Das Übungsszenario wirkte auf den ersten Blick etwas gar übertrieben: Auf der Niesenbergstrasse in Boswil waren zwei Autos kollidiert. Eines davon ein mit Sprengstoff beladener Lieferwagen. Das führte zu einem Grossaufgebot. Innert Kürze war nicht nur die Feuerwehr Boswil vor Ort, sondern auch die Stützpunktfeuerwehr Muri, die Regionalpolizei, der zuständige Rettungsdienst mit mehreren Ambulanzfahrzeugen, der örtliche Samariterverein und die Zivilschutzorganisation. Die akute Gefahrenlage rief zudem auch die Regionale Führungsorganisation (RFO) Muri-Boswil auf den Plan, deren Kader sich in der Boswiler Zivilschutzanlage einrichtete und von dort aus die Einsätze der verschiedenen Rettungsorganisationen koordinierte. Angeordnet wurde vorerst die Evakuierung aller Liegenschaften um Umkreis von 200 Metern um die Unfallstelle. Die Leute wurden in der Boswiler Mehrzweckhalle betreut und aus der sofort aktivierten ZSO-Küche verpflegt. «Ein Lieferwagen voll mit Sprengstoff fährt in Richtung Niesenberg, ziemlich unrealistisch», schmunzelten einige Boswilerinnen und Boswilern, welche den Übungsablauf beobachteten.

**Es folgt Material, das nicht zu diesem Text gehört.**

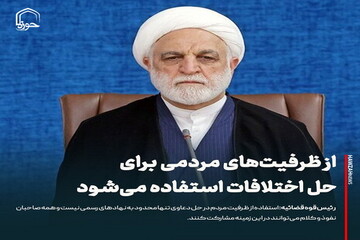 عکس نوشت| از ظرفیت‌های مردمی برای حل اختلافات استفاده می‌شود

«Das kann tatsächlich passieren»

«Gar nicht unrealistisch, diese Gefahrenlage könnte sich durchaus auch in Boswil ergeben», hielt hingegen der von der Einsatzleitung beigezogene Gefahrengutexperte Andreas Wegmann fest: «Wir sprechen hier von einem Lieferwagen, der insgesamt 100 Kilogramm Feuerwerk mit sich geführt hat. Das ist in diesem Rahmen erlaubt, ohne, dass das Fahrzeug speziell gekennzeichnet sein muss.»

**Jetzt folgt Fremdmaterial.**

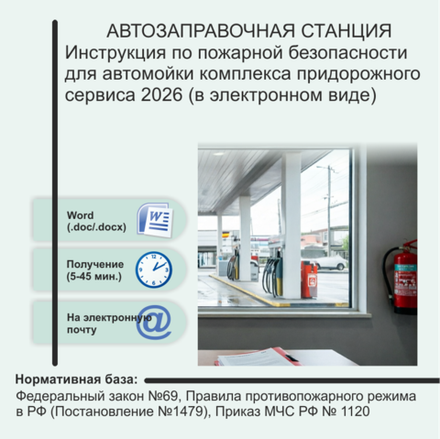 Инструкция по пожарной безопасности для автомойки комплекса придорожного сервиса 2026 (в электронном виде)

Nun sei es so, fuhr Wegmann fort, dass auch Feuerwerk in dieser Menge extrem gefährlich sei: «Weil es sich viel rascher entzündet als Sprengstoff, ist die Explosionsgefahr bei einem Unfall deutlich höher.» Die getroffenen Massnahmen mit weiträumiger Absperrung des Unfallortes und Evakuierung der Anwohner sei deshalb absolut richtig gewesen», erklärte der Experte an der zur Übungsanlage gehörenden Pressekonferenz im Boswiler Gemeindehaus.

«Es ging bei dieser gross angelegten Übung, die wir von langer Hand vorbereitet haben, darum, das Zusammenspiel der verschiedenen Organisationen zu üben und zu testen, die bei der Bewältigung eines solchen Ereignisses involviert sind», erklärte RFO-Chef Herbert Strebel. Dabei, sagte der Murianer Grossrat weiter, dürften durchaus auch Fehler passieren: «Wir haben das ganze Szenario von A bis Z möglichst realitätsnah durchgespielt. So war zwar das Kader der Feuerwehren zuvor informiert, die Mannschaften wurden jedoch alarmmässig aufgeboten. Uns ging es mit der Übung vor allem auch darum, allfällige Schwachstellen zu entdecken, damit wir diese beheben können, bevor es wirklich einmal ernst wird.»

Geleitet worden war die knapp vier Stunden dauernde Übung mit dem passenden Namen «Vulkano» von Michael Stocker, dem Kommandanten der ZSO Muri-Boswil, zusammen mit Thomas Strebel, dem Kommandanten der Stützpunktfeuerwehr Muri.